*What needs to be done*: Every line of the entries below from the one containing "Масштабна пожежа в" to the one containing "Последните два български", both ends included, must be written out exactly. No other line belongs in the answer.

*Data shown*:
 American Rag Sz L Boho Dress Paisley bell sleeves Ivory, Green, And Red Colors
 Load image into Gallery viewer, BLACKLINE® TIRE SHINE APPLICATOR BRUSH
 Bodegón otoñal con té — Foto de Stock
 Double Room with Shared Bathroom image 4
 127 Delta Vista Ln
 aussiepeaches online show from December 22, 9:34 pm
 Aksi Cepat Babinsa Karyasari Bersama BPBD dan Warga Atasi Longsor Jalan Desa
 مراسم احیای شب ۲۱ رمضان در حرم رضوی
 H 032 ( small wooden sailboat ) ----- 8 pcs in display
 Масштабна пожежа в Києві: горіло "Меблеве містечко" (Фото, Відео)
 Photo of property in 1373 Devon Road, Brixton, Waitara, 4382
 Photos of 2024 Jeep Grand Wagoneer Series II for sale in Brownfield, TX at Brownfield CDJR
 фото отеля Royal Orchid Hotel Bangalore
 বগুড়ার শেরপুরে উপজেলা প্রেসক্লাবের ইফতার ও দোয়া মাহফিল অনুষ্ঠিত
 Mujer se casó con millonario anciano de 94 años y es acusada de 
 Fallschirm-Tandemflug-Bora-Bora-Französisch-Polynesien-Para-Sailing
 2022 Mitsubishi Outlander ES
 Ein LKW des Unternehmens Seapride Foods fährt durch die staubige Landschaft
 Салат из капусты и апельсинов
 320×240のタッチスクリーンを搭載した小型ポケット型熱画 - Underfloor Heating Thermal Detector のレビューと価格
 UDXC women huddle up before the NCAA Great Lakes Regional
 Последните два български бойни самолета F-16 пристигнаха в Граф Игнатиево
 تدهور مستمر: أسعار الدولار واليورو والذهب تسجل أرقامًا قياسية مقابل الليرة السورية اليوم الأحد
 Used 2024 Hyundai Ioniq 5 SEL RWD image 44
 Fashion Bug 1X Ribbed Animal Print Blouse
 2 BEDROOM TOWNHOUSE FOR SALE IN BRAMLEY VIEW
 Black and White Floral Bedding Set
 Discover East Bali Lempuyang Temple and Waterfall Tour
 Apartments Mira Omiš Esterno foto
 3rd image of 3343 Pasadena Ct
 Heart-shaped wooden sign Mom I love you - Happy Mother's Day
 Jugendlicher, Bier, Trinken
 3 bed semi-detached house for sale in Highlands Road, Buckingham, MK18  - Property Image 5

*Task solution*:
 Масштабна пожежа в Києві: горіло "Меблеве містечко" (Фото, Відео)
 Photo of property in 1373 Devon Road, Brixton, Waitara, 4382
 Photos of 2024 Jeep Grand Wagoneer Series II for sale in Brownfield, TX at Brownfield CDJR
 фото отеля Royal Orchid Hotel Bangalore
 বগুড়ার শেরপুরে উপজেলা প্রেসক্লাবের ইফতার ও দোয়া মাহফিল অনুষ্ঠিত
 Mujer se casó con millonario anciano de 94 años y es acusada de 
 Fallschirm-Tandemflug-Bora-Bora-Französisch-Polynesien-Para-Sailing
 2022 Mitsubishi Outlander ES
 Ein LKW des Unternehmens Seapride Foods fährt durch die staubige Landschaft
 Салат из капусты и апельсинов
 320×240のタッチスクリーンを搭載した小型ポケット型熱画 - Underfloor Heating Thermal Detector のレビューと価格
 UDXC women huddle up before the NCAA Great Lakes Regional
 Последните два български бойни самолета F-16 пристигнаха в Граф Игнатиево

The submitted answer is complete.